Imagine, for a moment, that you are an investor and somebody is in your office pitching you on magical beanstalks. The magical beanstalk industry is growing, and you have been asked to invest in a plot of land that will be developed into a magical beanstalk farm.
This all sounds great, but you’re new to magical beanstalks, and as an investor you need to weigh risk versus opportunity. How many of the plants die each year? Which species of magical beanstalk is the most reliable? What happens to your investment if the USDA changes its rules? Farmers claim that the investment is safe, but you’re getting spooked, and the important data -- the data for your underwriting model, such as annual yields, geographic variance, death rates -- just isn’t being shared. You wonder: Are they hiding something?
Solar theories and truisms
Of course, this story is an allegory for the solar industry. To the outside world, we are the growers of magical beanstalks -- we literally generate value from the sun -- and still the new kid on the block in the finance world. Just look at how we are classified: solar falls within the “esoterics” category for securitizations right next to rail cars, cell towers, and drug royalties.
As an industry, it’s our job to make investors comfortable with solar. There are truisms in the consumer finance market about how different loans perform; for example, even if homeowners default on a mortgage, they may still pay their auto lease because they need the car to get to work. We haven’t developed truisms for solar, so we push a lot of theories on how these investments will perform.
For residential solar, the investment opportunity is a hybrid of consumer finance and project finance. Most of the time, a consumer lender needs to understand consumer behavior, and maybe a bit about the asset they’re financing. Solar investors need to understand not only how the equipment will perform and the regulatory environment in which these projects operate, but also how consumers will behave given different performance and savings profiles. We believe that this savings element is so unique to solar that it may be the most important indicator of delinquencies and default.
When faced with uncertainty, data is a pathway to understanding and acceptance. Without data, we see investors either avoid the market entirely or severely "haircut" the cash flows needed to meet their return. For example, the average advance rate for solar securitizations is 75 percent, compared to 92 percent for autos and 99 percent for mortgages. Data opacity also results in conservative assumptions: Kroll assumes 0.75 percent annual degradation and stress-tests cash flows at a 1.2 percent degradation rate.

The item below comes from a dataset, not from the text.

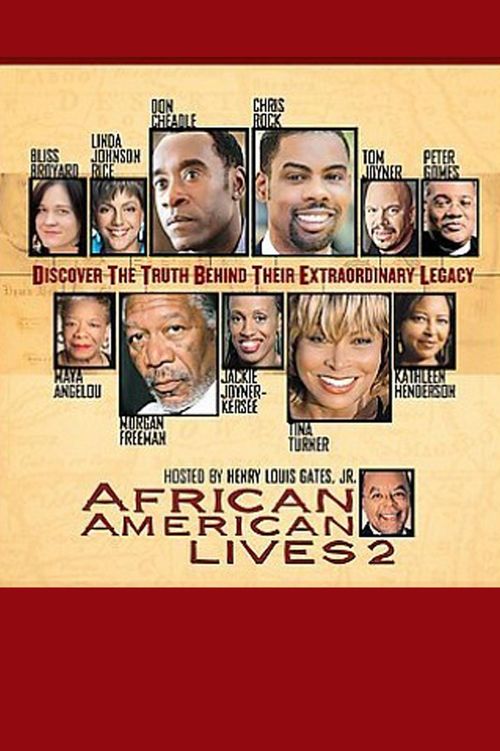 African American Lives Poster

To finance the projected addition of 69 gigawatts of solar in the U.S. by 2022, it is our responsibility as an industry to effectively leverage the data that does exist.
Thought leaders at organizations like Google, PNC Bank and Sunlight Financial are working to effectively use their data for risk management and gain competitive knowledge from the industry’s largest independent database of solar data.
Access to metrics
Other industries use data to develop and secure investor confidence. In the home mortgage industry, a firm called CoreLogic retains an industry-wide database covering 99.8 percent of the mortgage market. A variety of industry stakeholders use these databases to better understand how mortgages perform across a broad spectrum of scenarios. In the early 2000s, CoreLogic provided insight into this market when investors were having difficulty understanding the risk of prepayments, and this allowed the mortgage business to grow. After the recent mortgage crisis, investors are today focused on the risk of delinquency and default, and they leverage industry data to inform their credit models. As a result, mortgages remain a trillion-dollar market.
Experian replicated this model for consumer credit. Trepp does this for commercial mortgages. Even the nascent peer-to-peer lending industry has a firm, Orchard Platform. The evolution of an independent, vertical-specific industry database is an inevitable step in the maturation of any asset class.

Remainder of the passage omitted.